By Rafiq Raji, PhD
I think so. The headline growth figure is a year-on-year metric. Surely it is not unreasonable to reckon the economy would do better this quarter than it did during the same period last year. Q1-2016 was awful. Q1-2017 is not likely to be as bad. Thus, intuitively, on a year-on-year basis, the headline should be positive in 2017 because of a likely lower base.
Agricultural production, which is at least a quarter of GDP, is almost definitely set to expand above trend; principally driven by crop production. The agriculture sector grew 4.5% year-on-year (y/y) in Q3-2016, faster than the 3.5% y/y growth for the same period in 2015. Besides, there is anecdotal evidence to support likely better growth this year. For instance, the All Farmers Association of Nigeria (AFAN) says its members recorded a bumper harvest in the fourth quarter of 2016, confirming earlier comments by Nigeria’s president, Muhammadu Buhari. Not only that, farmers sold their produce at better prices in the most recent season, due to relatively higher demand, especially from manufacturers forced to backward integrate, as hitherto imported inputs have become difficult to acquire due to foreign exchange restrictions by the Central Bank of Nigeria (CBN).
But perhaps the main catalyst would be the Anchor Borrowers’ Programme (ABP) by the CBN. With about 40 billion naira in funds, the ABP has been providing loans to farmers at a single-digit interest rate of 9 percent. There have been some quick-wins already: beneficiaries’ progress in rice production is palpable at least, with about 1.1 million metric tons produced in one of the pilot states alone. There is currently about a 4 million metric ton local rice supply deficit. With the ABP and other incentives by the authorities, hopes are high that Nigeria may be able to meet total local demand for rice by 2018, potentially saving the country about $1.8 billion in foreign exchange currently used to import about 3.2 million tons of the staple food annually. Interventions for other crops are also ongoing.

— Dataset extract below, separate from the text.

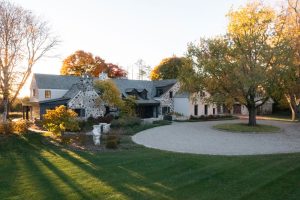 ExtFrontA0522 | Spring Maintenance for Your Custom Home: A Comprehensive Guide for (Lake) Homeowners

The oil and gas sector, about 10 percent of GDP, would probably also recover. Crude oil prices are expected to remain above $50 per barrel for most of 2017, having closed at about $57 last year, after the decision by OPEC and non-OPEC members to cut production boosted prices. And thankfully, the authorities have been engaging with stakeholders in the restive Niger Delta region to stem disruptions to crude oil production from attacks on pipeline infrastructure. Crude oil production was as low as 1.4 million barrels per day (mbpd) – from above 2 mbpd hitherto – during the height of attacks last year. It is reasonable to expect there wouldn’t be as many attacks this year. That is, if President Buhari remains consistently conciliatory, after extending another olive branch to the militants in his New Year message.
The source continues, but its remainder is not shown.